Okay first a warning .. this is going to be a long post!
Overview: When my raid is connected through my Fibre Channel Switch it
randomly dismounts.
Specifics:
Xserve G5 (10.4.7) with the LSI Dual-Channel 2GB Fibre Channel PCI-X
HBA & Fibre Channel Utility 2.0
Xserve RAID - Each side with its own Raid 5 , hot spare - no masking &
latest firmware
Exabyte Magnum 224 FC
Qlogic Sanbox 5200 Series (12 port) - Latest Firmware (configured with
two zones (port not WWN) ; Zone 1: Port 1 HBA, Both Xraid | Zone 2:
Port 0 HBA, Exabyte
Bru
Background : This used to ALL work! Recently we began to experience
drastic slow downs when writing to the raid and common sense not
working free space, which was the problem, was the last thing I
checked. Before that though I tried swapping cables, replacing the
raid controller, redoing zoning, straight connect - Obviously none of
this was the issue. *note here: at this point I am using an identical
Fibre Channel Card in my Xserve from my G4 - a careless maneuver broke
the Apple installed card whilst it was laying on a table.*
When I got things working (made room on the volume) I happened to be
in a configuration the circumvented the switch.. raid directly into
the host and things , as said, worked fine. The next night I took the
systems down to put everything on the switch again to allow a back-up
to be ran. Now is when the current behavior begins. Randomly and
without recognizable patterns both raid volumes would dismount from
the host. Checking Raid Admin shows the volumes as being in order and
all lights are green.
This time I fear my switch has gone and after time spent with Qlogic
(and zilliions of different configurations) a new switch is sent out
in the mean time back to a straight connection and things are working
fine. New switch arrives, is configured, and immediately problem
persists. Qlogic/Apple suggest the midplane on the raid is bad (even
though it works straight through). I happen to have a brand new in box
XRAID (with current firmware) so I set that up put in the drives from
the old raid and the problem persists again when plugged into the
switch. Direct to host things work fine.
So I read some documentation on Apple and Fibre channel and made a few
changes to HBA ports and Switch Port Settings and came to the
following scenario... Volumes stayed mounted through an entire work
day, but after a brief time into a backup the volumes unmounted.
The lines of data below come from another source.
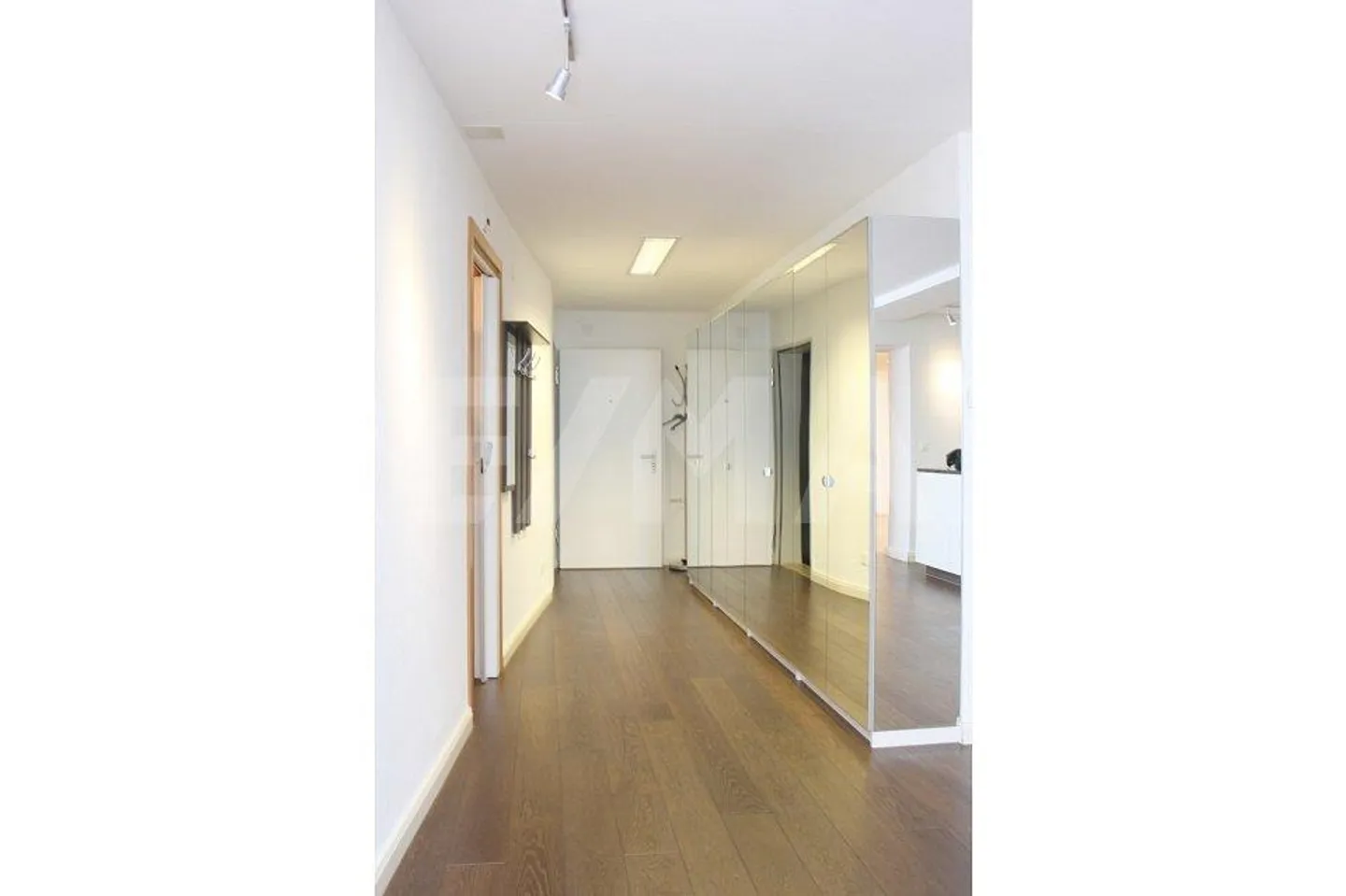 2.5 Room Apartment - Photo 2 of 13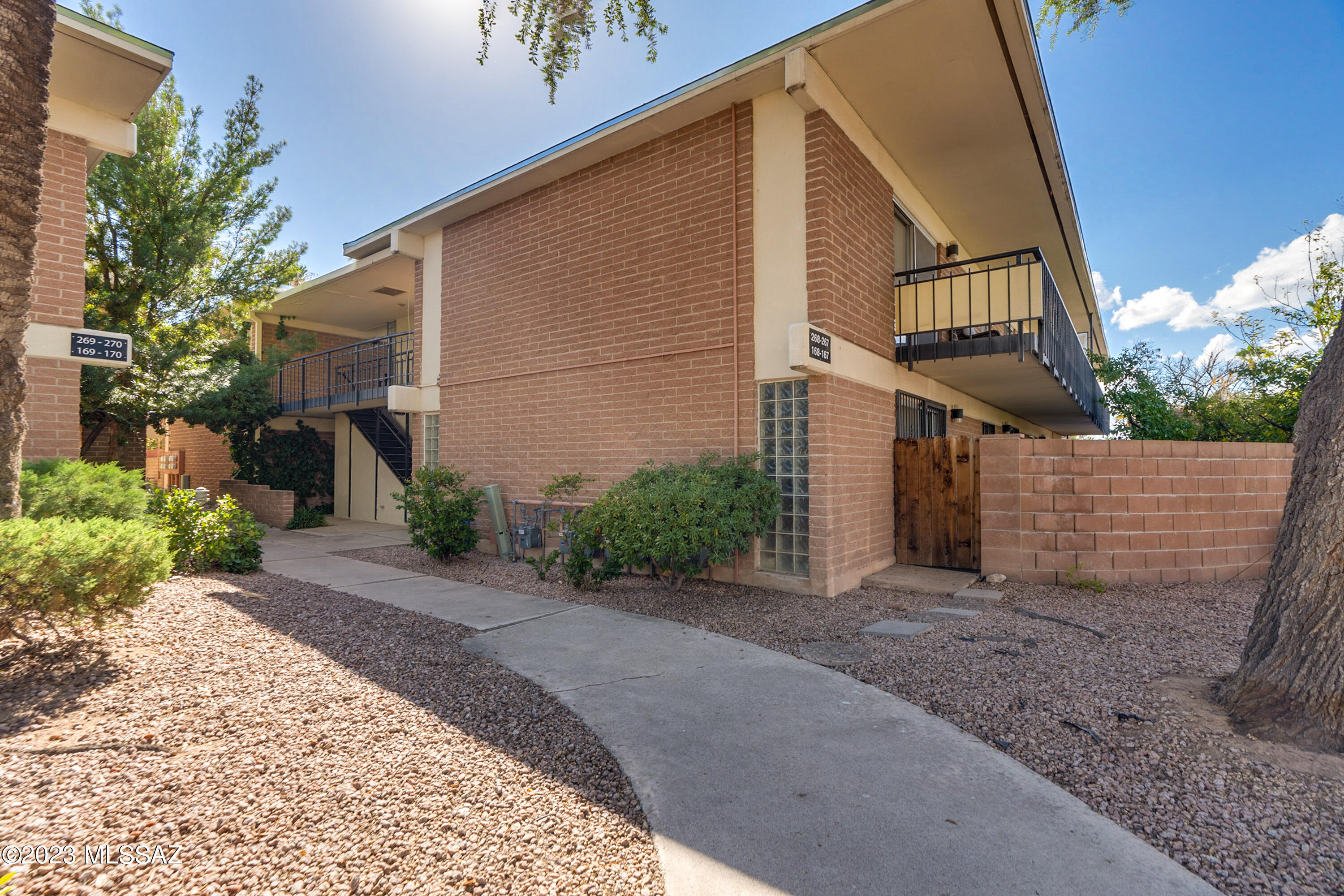 Country Club Heights - Residential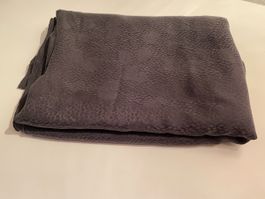 Grauer Stoff mit Muster im Stoff ca. 265x90cm (t:2)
Here is some more specific info about my exact setup as it last failed...
ZONE 1 (zoned by port not WWN)
Switch Ports 0, 1, 2
HBA Port 1 into Switch Port 0
Raid into Switch Ports 1, 2
All ports are identifying themselves to switch as switch topology
HBA port configured as Topology: Point-to-Point, Speed: 2Gb/s
SW Port 0 configed as State: Online, Speed: auto, Type: Detect, I/O
Stream Guard: Enable, Device Scan: Disable
SW Port 1, 2 configed as State: Online, Speed: auto, Type: Detect, I/O
Stream Guard: Auto, Device Scan: Enable
ZONE 2 (zoned by port not WWN)
Switch Ports 8, 9
HBA Port 0 into Switch Port 9
Exabyte into Switch Port 8
Port 8 identifying as Loop topology, 9 as switch
HBA port configured as Topology: Auto, Speed: Auto
SW Port 8 configed as State: Online, Speed: auto, Type: Detect, I/O
Stream Guard: Auto, Device Scan: Enable
SW Port 9 configed as State: Online, Speed: auto, Type: Detect, I/O
Stream Guard: Enable, Device Scan: Disable
I realize that some of these settings, particularly those on the HBA
are different between ports, but we have tried virtually every
combination (I think)
Around the time of the backup job system.log on the host has these entries:
Mar 7 17:55:41 files kernel[0]: FusionMPT: Notification = 5 (External
Bus Reset) for SCSI Domain = 3
Mar 7 17:55:41 files kernel[0]: FusionMPT: External Bus Reset for SCSI
Domain = 3
Mar 7 17:55:41 files kernel[0]: FusionMPT: Notification = 7 (Link
Status Change) for SCSI Domain = 3
Mar 7 17:55:41 files kernel[0]: FusionFC: Link is down for SCSI Domain = 3.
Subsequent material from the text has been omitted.